Required work — Please restate word for word all lines from the one containing "Dressmaking Fabric |" to the final line of the entries, and include no pictures.

Exercise data —
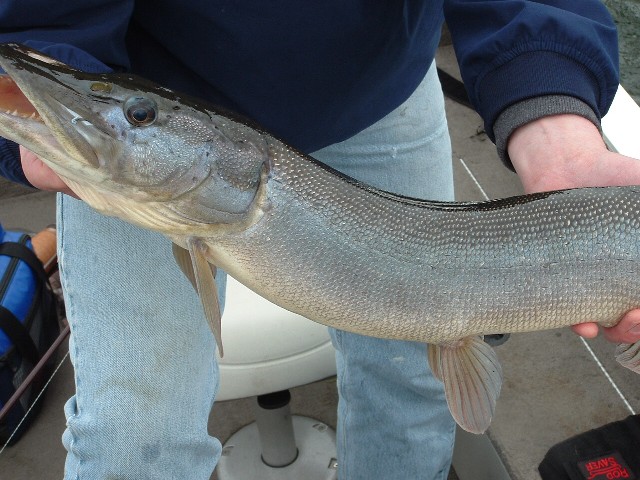 Pike/Musky lures  Manitoba Fishing Forum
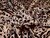 Dressmaking Fabric | Bria Animal Print Flocked Satin - Champagne | Fabric Godmother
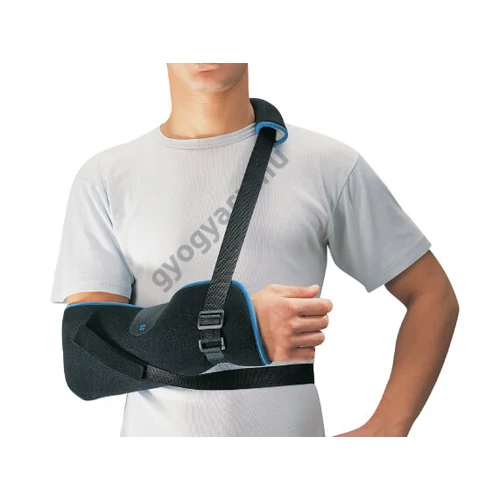 immo-classic-vall-es-karrogzito-heveder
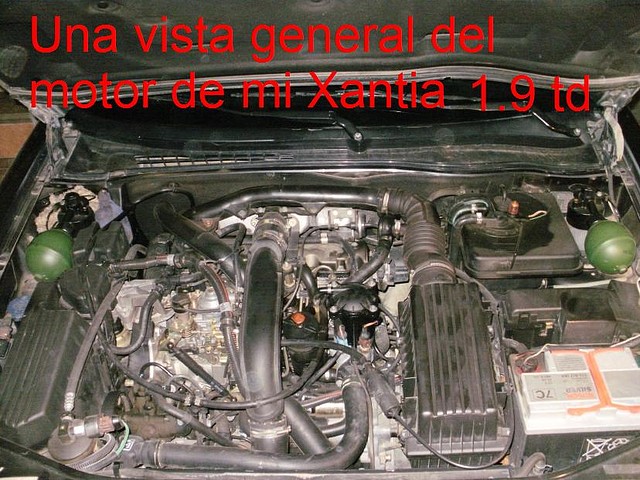 P8090009 P8090009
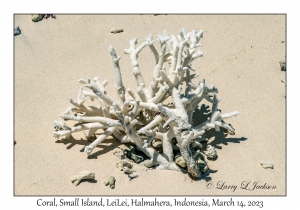 Coral Skeleton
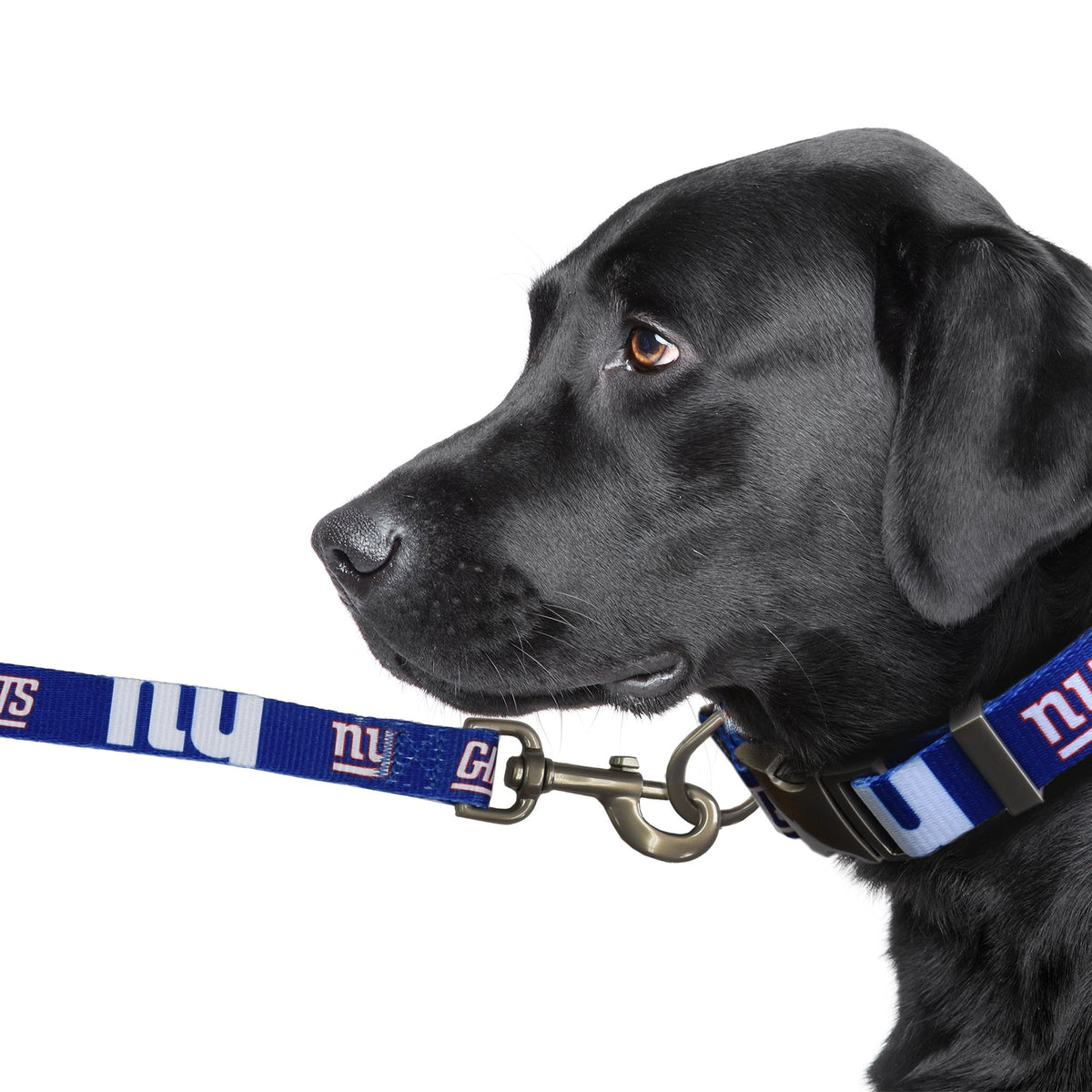 New York Giants Premium Dog Collar or Leash - 3 Red Rovers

Output of the task —
 Dressmaking Fabric | Bria Animal Print Flocked Satin - Champagne | Fabric Godmother
 immo-classic-vall-es-karrogzito-heveder
 P8090009 P8090009
 Coral Skeleton
 New York Giants Premium Dog Collar or Leash - 3 Red Rovers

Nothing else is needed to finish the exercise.